With a focus on regenerating a hull definition that captures Design Intent as well as the correct shape, definition curves may be generated from surface geometry by a number of methods. An advantage of hull surfaces based on multiple patches is that the edges will pick out the features of the surface that should be defined before attempting to capture general shape of the surface (Fig. 5). These features will often be associated with a particular condition in the surface such as a knuckle or constraint on tangency. Often it’s possible to assign an equivalent constraint to the design curve, capturing the Design Intent. These feature curves may be generated by extracting the edges of patches as individual curves, welding them together to form a single curve if necessary and then fitting a Design curve using a least-squares fit to control the number of control points and quality of fit.

Once the initial network of curves representing Form Topology have been defined, the remaining definition curves may extracted by taking planer intersection through the surface, i.e. generating a contour, and again fitting design curve using least-squares. Compared with the time required to manually digitise control points this may take a matter of minutes if the software automates the surface intersection-curve generation process. Equally this approach may be applied to any other surface geometry such as facets.

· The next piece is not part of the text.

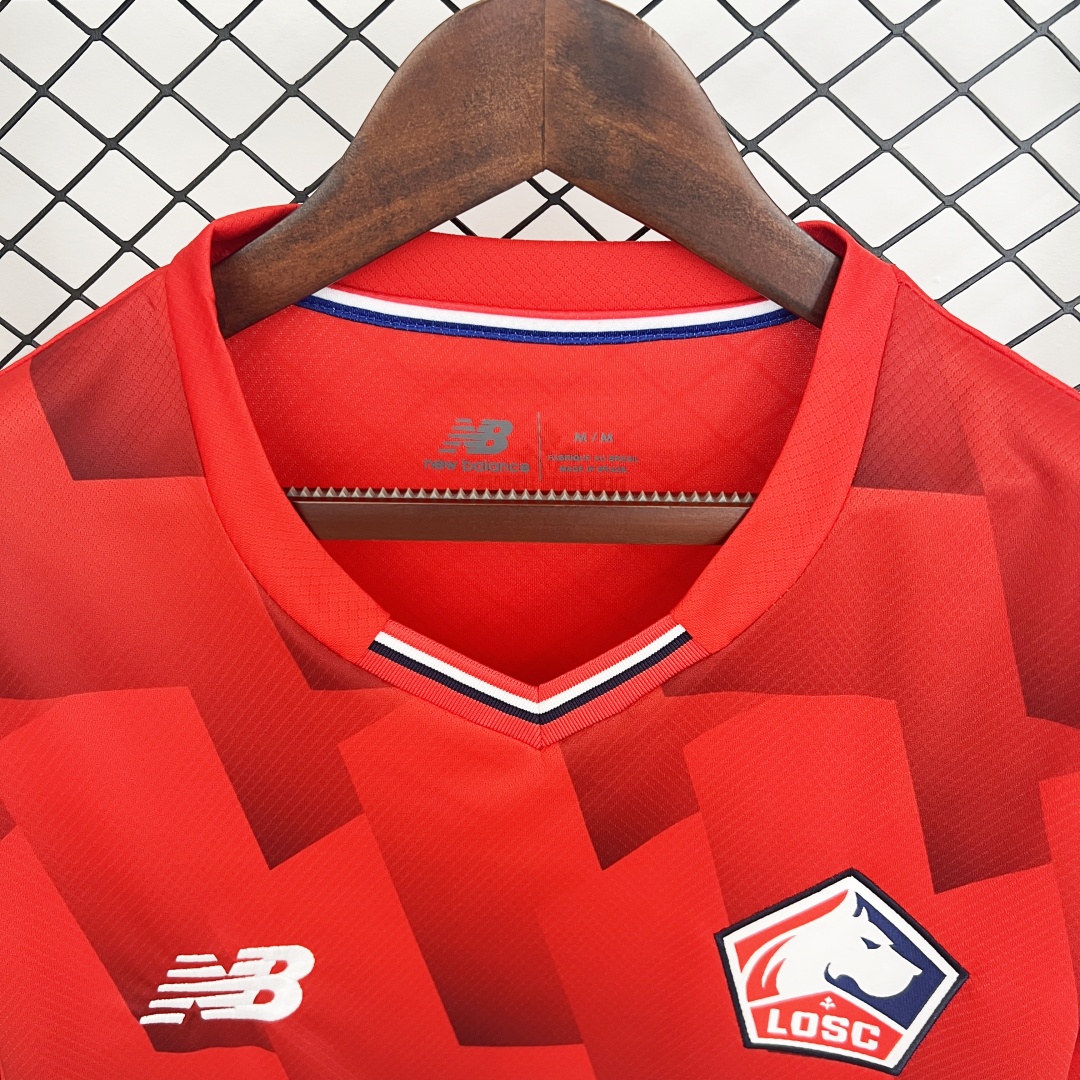 Lille LOSC Home Jersey 2025/26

5.4 Point clouds generated by laser scanning

A variety of methods now exist which sample the shape of real objects. Techniques such as Laser Scanning can optically capture the shape of a hull in a cloud of points. This allows the rapid survey of existing vessels for though-life management where no hull definition exists or where it validity is questionable. The biggest challenge when working with point clouds is the amount of data produced and often the solution is more about optimising the computer resources to allow the user to work with the data rather than the actual fitting process. Scanned data often consists of multi-gigabyte files which are impractical to load into computer memory in entirety and some older operating systems are limited on file size. The software needs to provide visualisation of the data so that the user can access the geometry by down sampling and volume cropping. Transformation tools are required as the data is unlike to be positioned or orientated in the correctly.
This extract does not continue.